## EXERCISE DETAILS
Would you transcribe the data word for word?

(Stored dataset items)
# # #
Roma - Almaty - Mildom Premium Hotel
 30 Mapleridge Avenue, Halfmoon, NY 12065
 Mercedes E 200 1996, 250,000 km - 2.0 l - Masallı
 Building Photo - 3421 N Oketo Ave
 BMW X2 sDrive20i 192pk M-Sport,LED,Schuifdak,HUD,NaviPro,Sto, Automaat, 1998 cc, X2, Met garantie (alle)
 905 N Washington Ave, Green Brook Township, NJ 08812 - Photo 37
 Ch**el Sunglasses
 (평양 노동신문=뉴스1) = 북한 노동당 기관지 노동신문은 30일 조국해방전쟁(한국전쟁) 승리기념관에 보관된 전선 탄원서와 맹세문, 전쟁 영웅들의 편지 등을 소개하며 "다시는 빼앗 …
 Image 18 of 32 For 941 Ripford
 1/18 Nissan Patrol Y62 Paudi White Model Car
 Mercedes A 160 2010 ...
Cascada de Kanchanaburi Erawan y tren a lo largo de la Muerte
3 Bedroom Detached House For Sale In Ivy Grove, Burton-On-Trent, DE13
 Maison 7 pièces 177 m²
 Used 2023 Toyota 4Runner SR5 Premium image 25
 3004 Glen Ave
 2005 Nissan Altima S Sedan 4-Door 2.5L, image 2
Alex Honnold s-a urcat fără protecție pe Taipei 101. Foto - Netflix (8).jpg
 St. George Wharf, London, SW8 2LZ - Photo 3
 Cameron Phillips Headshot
# # #
## RESULT OF THIS TASK
Roma - Almaty - Mildom Premium Hotel
 30 Mapleridge Avenue, Halfmoon, NY 12065
 Mercedes E 200 1996, 250,000 km - 2.0 l - Masallı
 Building Photo - 3421 N Oketo Ave
 BMW X2 sDrive20i 192pk M-Sport,LED,Schuifdak,HUD,NaviPro,Sto, Automaat, 1998 cc, X2, Met garantie (alle)
 905 N Washington Ave, Green Brook Township, NJ 08812 - Photo 37
 Ch**el Sunglasses
 (평양 노동신문=뉴스1) = 북한 노동당 기관지 노동신문은 30일 조국해방전쟁(한국전쟁) 승리기념관에 보관된 전선 탄원서와 맹세문, 전쟁 영웅들의 편지 등을 소개하며 "다시는 빼앗 …
 Image 18 of 32 For 941 Ripford
 1/18 Nissan Patrol Y62 Paudi White Model Car
 Mercedes A 160 2010 ...
Cascada de Kanchanaburi Erawan y tren a lo largo de la Muerte
3 Bedroom Detached House For Sale In Ivy Grove, Burton-On-Trent, DE13
 Maison 7 pièces 177 m²
 Used 2023 Toyota 4Runner SR5 Premium image 25
 3004 Glen Ave
 2005 Nissan Altima S Sedan 4-Door 2.5L, image 2
Alex Honnold s-a urcat fără protecție pe Taipei 101. Foto - Netflix (8).jpg
 St. George Wharf, London, SW8 2LZ - Photo 3
 Cameron Phillips Headshot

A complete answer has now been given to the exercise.